I was logging them in manually but even Auth::login() won't work.
I have the following in my User model (with the main database table):
public function getAuthPassword()
{
return $this->Password;
}
/**
* Get the token value for the "remember me" session.
*
* #return string
*/
public function getRememberToken() {
return $this->remember_token;
}
public function setRememberToken($value) {
$this->remember_token = $value;
}
public function getRememberTokenName() {
return 'remember_token';
}
/**
* Get the e-mail address where password reminders are sent.
*
* #return string
*/
public function getReminderEmail()
{
return $this->email;
}
Please note that there is a field in the table called Password, but that is the plain text password, I need to authenticate against the passwdEncrypted field.
You cannot do this with Laravel, and for good reason, but it is ridiciously unsecure and dangerous.
I have no choice but to have the plain text password stored in the
database, that is how they want it
I dont understand - why are you storing BOTH an "unencrypted" and "encrypted" password? There is no point. You should only ever store encrypted passwords. There is no need for any other way, and you need to educate the people as to why.
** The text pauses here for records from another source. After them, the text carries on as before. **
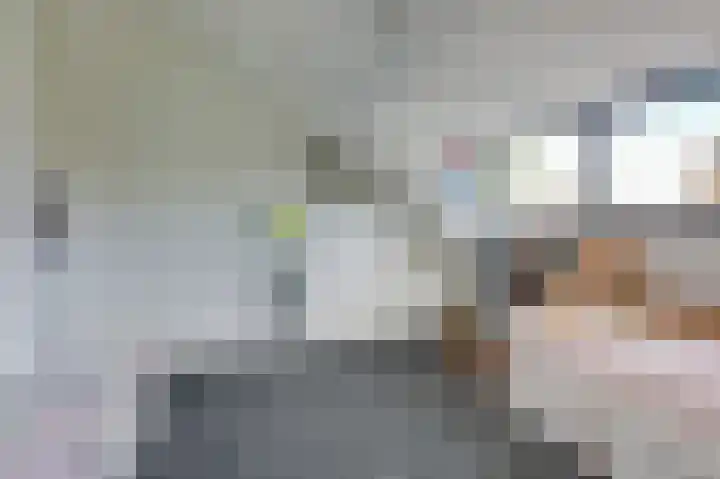 Hoefijzer 8 Didam thumbnail 58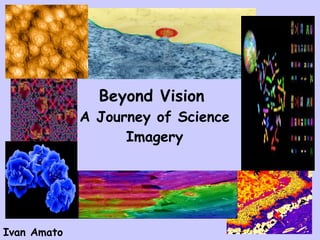 Beyond Vision   A Journey of Science Imagery Ivan Amato 
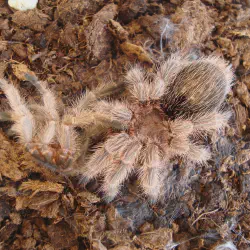 /img/16427-rose-hair-tarantula-enclosure.webp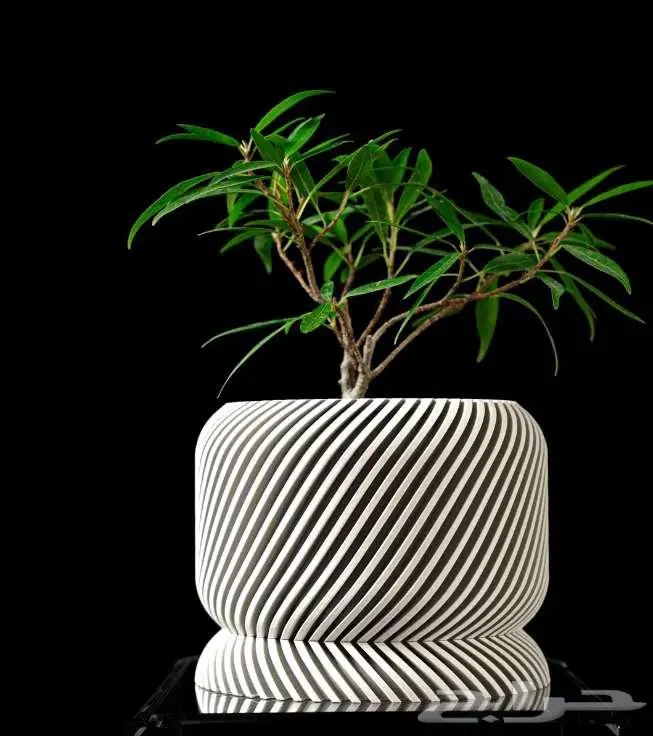 أحواض نباتات عصرية   مطبوعة بتقنية 3D Printing   جدة 2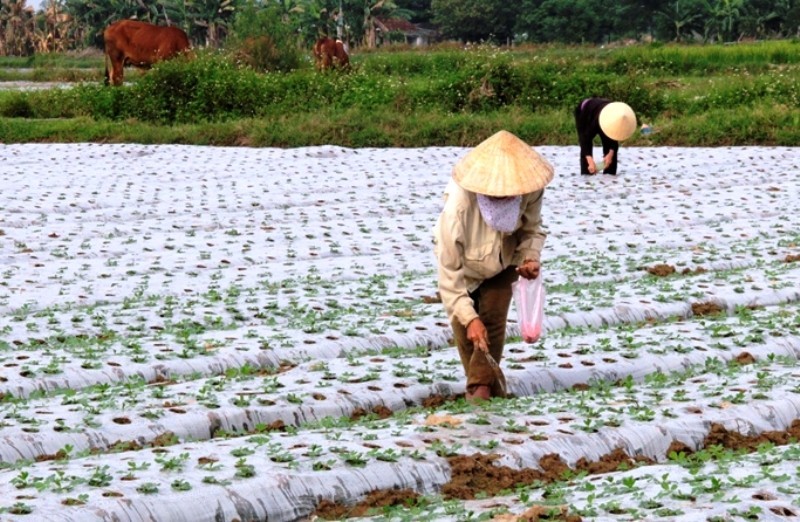 Đẩy mạnh sản xuất vụ đông ở Thanh Hóa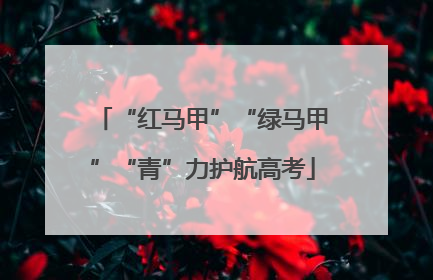 “红马甲”“绿马甲”“青”力护航高考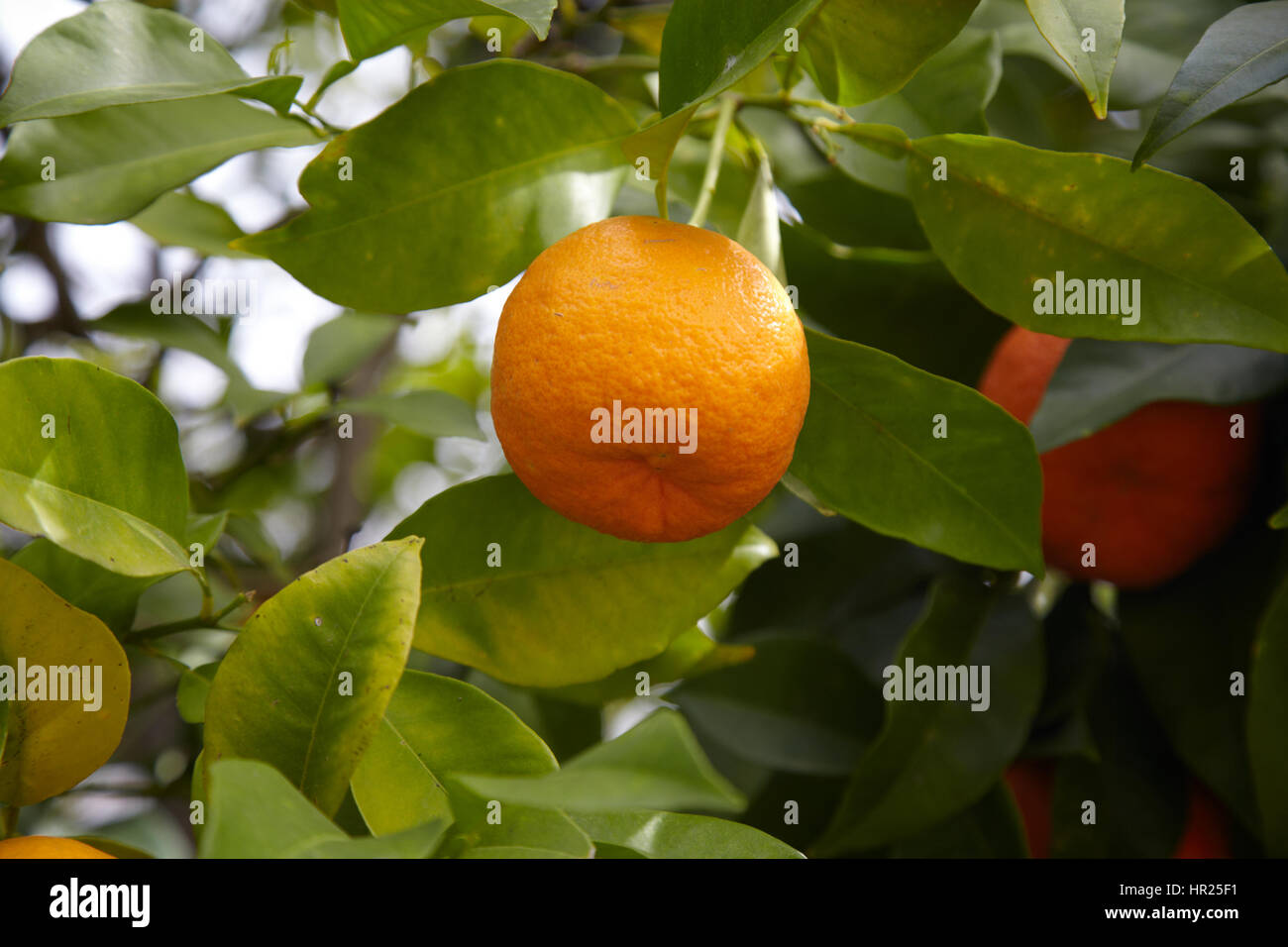 Lemon tree whit fruit Stock Photo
This code works on another site of mine, I have altered it as instead
of the Password in the database, it is stored as passwdEncrypted. I
cannot change it as the database is in use by another application as
well.
The Laravel Auth code is hard coded to use the "password" column. You cannot simply change it to another colum. That is why your code is failing.
Since you are not using the password column, and since you are not using encrypted passwords, you might as well just create your own unsecure login system, customised to suit your requirements.